Logisch gesehen nicht.
Aber vielleicht liegt der Fehler — was meine These wäre — im Stufendenken. Innerhalb eines hierarchischen Konzeptes muss eine Erkenntnis Jesu und des Vaters zwingend verfehlt werden, egal von wo aus man ansetzt.

Erschwerend kommt hinzu, dass die jüdische Apokalyptik und Hekhalotliteratur, die bereits in den als kanonisch geltenden späten Büchern des AT (Daniel, Ezechiel) beginnt, in den außerkanonischen Schriften offenbar babylonische Elemente übernommen und eine Vermischung der Traditionen erzeugt hat, eine heidnisch-jüdische Synthese hergestellt hat, die kaum mehr auseinander zu dividieren ist und vielleicht darum im rabbinischen Schrifttum verworfen wurde, weil man Angst hatte, zurückzufallen in Heidnisches, einem Weg, dem die weströmische Kirche dann hinsichtlich der Kanonisierung folgte, hinsichtlich des Trinitarismus aber wiederum eher entgegenstand, für den sich einige Impulse aus eben dieser außerkanonischen jüdischen Literatur finden.[4] Diese Traditionen sind dann aber „untergetaucht“ und in der Kabbala und mindestens einigen (esoterischen) Logen, teilweise offen auch in manchen protestantischen Traditionen v.a. im Pietismus, verdeckt und in arkanischer Disziplin womöglich auch in der römischen Hierarchie bzw bestimmten Orden (bekannt ist der Vorwurf an die Templer) weitergeführt worden.
Kurz gesagt: es liegt ein echtes geistiges Chaos vor, das kein Mensch mehr lösen kann.
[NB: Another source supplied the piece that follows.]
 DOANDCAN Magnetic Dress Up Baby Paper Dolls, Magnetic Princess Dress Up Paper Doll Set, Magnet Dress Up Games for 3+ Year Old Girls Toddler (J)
Trinitarier argumentieren damit, dass sich im Pluralwort „elohim“, das auch im AT, wenn es um die Götter der Heiden geht, als Pluralwort benutzt wird, andeute, dass Gott mehrfaltig sei. Das könnte theoretisch der Fall sein, aber theoretisch wäre auch anderes denkbar:
Man könnte auch so argumentieren, dass die Pluralisierung des ugaritischen und auch sonst im vorderen Orient bezeugten Vater-Gottes „El“, dessen Gemahlin die bekannte „Aschera“ war, und der mit dem Gott Kronos identifiziert wurde, die Überlegenheit des hebräischen „El“ anzeigen sollte.[5] „Elohim“ wäre, wenn man so argumentiert, in der linguistischen Steigerung durch den Plural der Bedeutung nach verwandt mit dem „El eljon“ bzw. „hypsistos“, dem „Allerhöchsten (El)“, häufige Bezeichnung für den Gott im AT und im NT.[6] Man würde aber zugleich auch besser verstehen, warum die Israeliten immer wieder den JHWH-Kult mit dem des „El“ oder der „Baale“ (was ebenfalls dem Wortstamm nach von „El“ kommt) vermischt haben: es erschien ihnen als zusammengehörend.
Wir kennen das auch aus unserer Zeit: Viele denken, „Gott“ meine doch immer „eigentlich“ dasselbe und sind daher offen für einen Synkretismus. Allerdings gibt es auch in der Schrift immer wieder Annäherungen an eine solche Position neben scharfer Ablehnung, zB in der Areopagrede des Paulus.
Auch hier sind „Gottes-Designer“-Antworten verwehrt.

Auf dieser argumentativen Ebene kommen wir also nicht weiter: jeder pickt sich das heraus, was ihm gefällt und vernachlässigt das, was ihm nicht gefällt. Und es gibt, wie gesagt, gute Argumente für alle Seiten. Die Schrift ist darin nun einmal nicht wirklich eindeutig und das Prinzip, dass sie sich selbst am besten auslege, stößt hier an scharfe und schmerzhafte Grenzen. Denn andererseits kann nicht alles, auch das, was sich offenbar widerspricht, gleichermaßen „wahr“ sein.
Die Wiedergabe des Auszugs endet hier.